DATA SHOWN Block Start
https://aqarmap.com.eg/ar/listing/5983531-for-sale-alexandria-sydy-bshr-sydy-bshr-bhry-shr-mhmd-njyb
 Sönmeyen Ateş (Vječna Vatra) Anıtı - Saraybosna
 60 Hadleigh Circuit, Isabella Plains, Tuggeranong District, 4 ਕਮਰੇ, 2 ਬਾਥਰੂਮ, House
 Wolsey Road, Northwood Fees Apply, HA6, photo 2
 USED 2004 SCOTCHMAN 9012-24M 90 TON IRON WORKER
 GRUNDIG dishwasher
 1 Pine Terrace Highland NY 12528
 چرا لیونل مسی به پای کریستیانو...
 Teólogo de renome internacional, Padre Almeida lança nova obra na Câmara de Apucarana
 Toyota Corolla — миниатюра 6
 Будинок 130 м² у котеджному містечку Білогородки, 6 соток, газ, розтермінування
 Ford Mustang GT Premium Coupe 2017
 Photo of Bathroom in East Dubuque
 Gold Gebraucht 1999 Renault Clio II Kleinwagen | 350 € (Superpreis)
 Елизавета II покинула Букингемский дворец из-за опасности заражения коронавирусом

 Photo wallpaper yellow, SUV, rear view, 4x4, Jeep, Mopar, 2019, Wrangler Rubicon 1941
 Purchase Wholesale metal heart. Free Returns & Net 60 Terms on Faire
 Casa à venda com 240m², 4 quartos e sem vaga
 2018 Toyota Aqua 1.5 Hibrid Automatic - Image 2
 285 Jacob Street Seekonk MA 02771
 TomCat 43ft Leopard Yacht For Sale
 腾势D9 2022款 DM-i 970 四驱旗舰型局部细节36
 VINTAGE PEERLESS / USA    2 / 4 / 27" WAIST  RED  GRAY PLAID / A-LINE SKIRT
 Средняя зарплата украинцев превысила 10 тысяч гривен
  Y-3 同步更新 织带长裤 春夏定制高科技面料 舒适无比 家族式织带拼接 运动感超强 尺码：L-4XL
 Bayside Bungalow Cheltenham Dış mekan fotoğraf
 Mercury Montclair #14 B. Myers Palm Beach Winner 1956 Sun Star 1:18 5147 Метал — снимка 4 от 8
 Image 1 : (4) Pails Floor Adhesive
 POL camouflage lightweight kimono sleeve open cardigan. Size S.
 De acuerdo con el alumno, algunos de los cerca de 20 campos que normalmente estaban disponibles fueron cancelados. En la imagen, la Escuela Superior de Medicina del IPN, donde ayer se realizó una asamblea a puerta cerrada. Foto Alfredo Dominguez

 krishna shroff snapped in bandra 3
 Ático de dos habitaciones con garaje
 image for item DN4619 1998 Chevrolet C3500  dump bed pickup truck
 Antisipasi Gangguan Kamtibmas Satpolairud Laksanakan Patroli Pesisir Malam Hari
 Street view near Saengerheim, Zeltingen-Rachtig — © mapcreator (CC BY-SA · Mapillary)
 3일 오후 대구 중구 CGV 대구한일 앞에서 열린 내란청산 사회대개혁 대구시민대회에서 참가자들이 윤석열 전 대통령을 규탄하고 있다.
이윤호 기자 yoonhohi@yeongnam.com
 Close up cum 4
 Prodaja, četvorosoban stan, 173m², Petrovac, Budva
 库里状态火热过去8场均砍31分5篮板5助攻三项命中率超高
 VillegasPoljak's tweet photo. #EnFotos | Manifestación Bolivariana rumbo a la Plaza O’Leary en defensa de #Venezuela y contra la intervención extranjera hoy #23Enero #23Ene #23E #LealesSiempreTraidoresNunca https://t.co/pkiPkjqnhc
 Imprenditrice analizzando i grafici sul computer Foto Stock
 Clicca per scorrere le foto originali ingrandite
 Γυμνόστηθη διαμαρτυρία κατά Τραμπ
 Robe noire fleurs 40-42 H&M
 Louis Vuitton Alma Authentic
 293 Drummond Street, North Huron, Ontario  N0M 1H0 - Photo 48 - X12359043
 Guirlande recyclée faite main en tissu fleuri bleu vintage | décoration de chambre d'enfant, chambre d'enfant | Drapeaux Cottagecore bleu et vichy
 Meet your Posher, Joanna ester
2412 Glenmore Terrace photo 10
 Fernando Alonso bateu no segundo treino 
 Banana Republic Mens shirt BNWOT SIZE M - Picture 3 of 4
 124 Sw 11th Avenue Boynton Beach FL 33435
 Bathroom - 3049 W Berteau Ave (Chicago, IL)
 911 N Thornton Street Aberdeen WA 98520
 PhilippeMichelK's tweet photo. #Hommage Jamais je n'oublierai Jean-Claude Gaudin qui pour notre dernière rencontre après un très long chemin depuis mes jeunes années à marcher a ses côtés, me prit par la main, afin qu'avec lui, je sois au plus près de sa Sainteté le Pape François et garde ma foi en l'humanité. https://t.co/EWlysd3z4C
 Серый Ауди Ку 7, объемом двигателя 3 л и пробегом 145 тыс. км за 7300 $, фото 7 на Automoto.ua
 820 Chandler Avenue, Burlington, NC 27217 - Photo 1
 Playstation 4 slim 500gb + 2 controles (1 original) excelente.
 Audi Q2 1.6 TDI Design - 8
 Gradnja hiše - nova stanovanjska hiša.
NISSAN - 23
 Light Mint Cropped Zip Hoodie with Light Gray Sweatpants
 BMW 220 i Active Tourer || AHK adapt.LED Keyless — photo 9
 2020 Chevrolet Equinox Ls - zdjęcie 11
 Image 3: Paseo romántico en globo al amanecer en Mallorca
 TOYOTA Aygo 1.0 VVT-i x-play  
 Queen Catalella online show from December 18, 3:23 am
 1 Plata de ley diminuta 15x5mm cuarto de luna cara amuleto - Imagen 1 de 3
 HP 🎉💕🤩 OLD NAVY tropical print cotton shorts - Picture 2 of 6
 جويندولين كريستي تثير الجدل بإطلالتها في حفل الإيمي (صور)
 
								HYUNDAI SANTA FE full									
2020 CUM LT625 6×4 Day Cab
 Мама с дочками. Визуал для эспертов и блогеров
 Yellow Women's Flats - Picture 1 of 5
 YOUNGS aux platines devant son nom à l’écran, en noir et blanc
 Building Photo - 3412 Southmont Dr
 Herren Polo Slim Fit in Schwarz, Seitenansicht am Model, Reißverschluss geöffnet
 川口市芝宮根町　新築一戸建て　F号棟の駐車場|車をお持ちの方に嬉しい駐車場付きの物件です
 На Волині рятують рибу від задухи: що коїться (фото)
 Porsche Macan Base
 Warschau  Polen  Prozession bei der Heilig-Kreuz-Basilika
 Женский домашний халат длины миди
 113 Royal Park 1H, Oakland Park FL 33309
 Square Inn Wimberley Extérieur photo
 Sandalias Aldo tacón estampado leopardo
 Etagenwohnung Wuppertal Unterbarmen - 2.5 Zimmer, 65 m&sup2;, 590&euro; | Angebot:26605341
DATA SHOWN Block End
Return the records in full. Omit nothing.

EXERCISE OUTPUT
https://aqarmap.com.eg/ar/listing/5983531-for-sale-alexandria-sydy-bshr-sydy-bshr-bhry-shr-mhmd-njyb
 Sönmeyen Ateş (Vječna Vatra) Anıtı - Saraybosna
 60 Hadleigh Circuit, Isabella Plains, Tuggeranong District, 4 ਕਮਰੇ, 2 ਬਾਥਰੂਮ, House
 Wolsey Road, Northwood Fees Apply, HA6, photo 2
 USED 2004 SCOTCHMAN 9012-24M 90 TON IRON WORKER
 GRUNDIG dishwasher
 1 Pine Terrace Highland NY 12528
 چرا لیونل مسی به پای کریستیانو...
 Teólogo de renome internacional, Padre Almeida lança nova obra na Câmara de Apucarana
 Toyota Corolla — миниатюра 6
 Будинок 130 м² у котеджному містечку Білогородки, 6 соток, газ, розтермінування
 Ford Mustang GT Premium Coupe 2017
 Photo of Bathroom in East Dubuque
 Gold Gebraucht 1999 Renault Clio II Kleinwagen | 350 € (Superpreis)
 Елизавета II покинула Букингемский дворец из-за опасности заражения коронавирусом

 Photo wallpaper yellow, SUV, rear view, 4x4, Jeep, Mopar, 2019, Wrangler Rubicon 1941
 Purchase Wholesale metal heart. Free Returns & Net 60 Terms on Faire
 Casa à venda com 240m², 4 quartos e sem vaga
 2018 Toyota Aqua 1.5 Hibrid Automatic - Image 2
 285 Jacob Street Seekonk MA 02771
 TomCat 43ft Leopard Yacht For Sale
 腾势D9 2022款 DM-i 970 四驱旗舰型局部细节36
 VINTAGE PEERLESS / USA    2 / 4 / 27" WAIST  RED  GRAY PLAID / A-LINE SKIRT
 Средняя зарплата украинцев превысила 10 тысяч гривен
  Y-3 同步更新 织带长裤 春夏定制高科技面料 舒适无比 家族式织带拼接 运动感超强 尺码：L-4XL
 Bayside Bungalow Cheltenham Dış mekan fotoğraf
 Mercury Montclair #14 B. Myers Palm Beach Winner 1956 Sun Star 1:18 5147 Метал — снимка 4 от 8
 Image 1 : (4) Pails Floor Adhesive
 POL camouflage lightweight kimono sleeve open cardigan. Size S.
 De acuerdo con el alumno, algunos de los cerca de 20 campos que normalmente estaban disponibles fueron cancelados. En la imagen, la Escuela Superior de Medicina del IPN, donde ayer se realizó una asamblea a puerta cerrada. Foto Alfredo Dominguez

 krishna shroff snapped in bandra 3
 Ático de dos habitaciones con garaje
 image for item DN4619 1998 Chevrolet C3500  dump bed pickup truck
 Antisipasi Gangguan Kamtibmas Satpolairud Laksanakan Patroli Pesisir Malam Hari
 Street view near Saengerheim, Zeltingen-Rachtig — © mapcreator (CC BY-SA · Mapillary)
 3일 오후 대구 중구 CGV 대구한일 앞에서 열린 내란청산 사회대개혁 대구시민대회에서 참가자들이 윤석열 전 대통령을 규탄하고 있다.
이윤호 기자 yoonhohi@yeongnam.com
 Close up cum 4
 Prodaja, četvorosoban stan, 173m², Petrovac, Budva
 库里状态火热过去8场均砍31分5篮板5助攻三项命中率超高
 VillegasPoljak's tweet photo. #EnFotos | Manifestación Bolivariana rumbo a la Plaza O’Leary en defensa de #Venezuela y contra la intervención extranjera hoy #23Enero #23Ene #23E #LealesSiempreTraidoresNunca https://t.co/pkiPkjqnhc
 Imprenditrice analizzando i grafici sul computer Foto Stock
 Clicca per scorrere le foto originali ingrandite
 Γυμνόστηθη διαμαρτυρία κατά Τραμπ
 Robe noire fleurs 40-42 H&M
 Louis Vuitton Alma Authentic
 293 Drummond Street, North Huron, Ontario  N0M 1H0 - Photo 48 - X12359043
 Guirlande recyclée faite main en tissu fleuri bleu vintage | décoration de chambre d'enfant, chambre d'enfant | Drapeaux Cottagecore bleu et vichy
 Meet your Posher, Joanna ester
2412 Glenmore Terrace photo 10
 Fernando Alonso bateu no segundo treino 
 Banana Republic Mens shirt BNWOT SIZE M - Picture 3 of 4
 124 Sw 11th Avenue Boynton Beach FL 33435
 Bathroom - 3049 W Berteau Ave (Chicago, IL)
 911 N Thornton Street Aberdeen WA 98520
 PhilippeMichelK's tweet photo. #Hommage Jamais je n'oublierai Jean-Claude Gaudin qui pour notre dernière rencontre après un très long chemin depuis mes jeunes années à marcher a ses côtés, me prit par la main, afin qu'avec lui, je sois au plus près de sa Sainteté le Pape François et garde ma foi en l'humanité. https://t.co/EWlysd3z4C
 Серый Ауди Ку 7, объемом двигателя 3 л и пробегом 145 тыс. км за 7300 $, фото 7 на Automoto.ua
 820 Chandler Avenue, Burlington, NC 27217 - Photo 1
 Playstation 4 slim 500gb + 2 controles (1 original) excelente.
 Audi Q2 1.6 TDI Design - 8
 Gradnja hiše - nova stanovanjska hiša.
NISSAN - 23
 Light Mint Cropped Zip Hoodie with Light Gray Sweatpants
 BMW 220 i Active Tourer || AHK adapt.LED Keyless — photo 9
 2020 Chevrolet Equinox Ls - zdjęcie 11
 Image 3: Paseo romántico en globo al amanecer en Mallorca
 TOYOTA Aygo 1.0 VVT-i x-play  
 Queen Catalella online show from December 18, 3:23 am
 1 Plata de ley diminuta 15x5mm cuarto de luna cara amuleto - Imagen 1 de 3
 HP 🎉💕🤩 OLD NAVY tropical print cotton shorts - Picture 2 of 6
 جويندولين كريستي تثير الجدل بإطلالتها في حفل الإيمي (صور)
 
								HYUNDAI SANTA FE full									
2020 CUM LT625 6×4 Day Cab
 Мама с дочками. Визуал для эспертов и блогеров
 Yellow Women's Flats - Picture 1 of 5
 YOUNGS aux platines devant son nom à l’écran, en noir et blanc
 Building Photo - 3412 Southmont Dr
 Herren Polo Slim Fit in Schwarz, Seitenansicht am Model, Reißverschluss geöffnet
 川口市芝宮根町　新築一戸建て　F号棟の駐車場|車をお持ちの方に嬉しい駐車場付きの物件です
 На Волині рятують рибу від задухи: що коїться (фото)
 Porsche Macan Base
 Warschau  Polen  Prozession bei der Heilig-Kreuz-Basilika
 Женский домашний халат длины миди
 113 Royal Park 1H, Oakland Park FL 33309
 Square Inn Wimberley Extérieur photo
 Sandalias Aldo tacón estampado leopardo
 Etagenwohnung Wuppertal Unterbarmen - 2.5 Zimmer, 65 m&sup2;, 590&euro; | Angebot:26605341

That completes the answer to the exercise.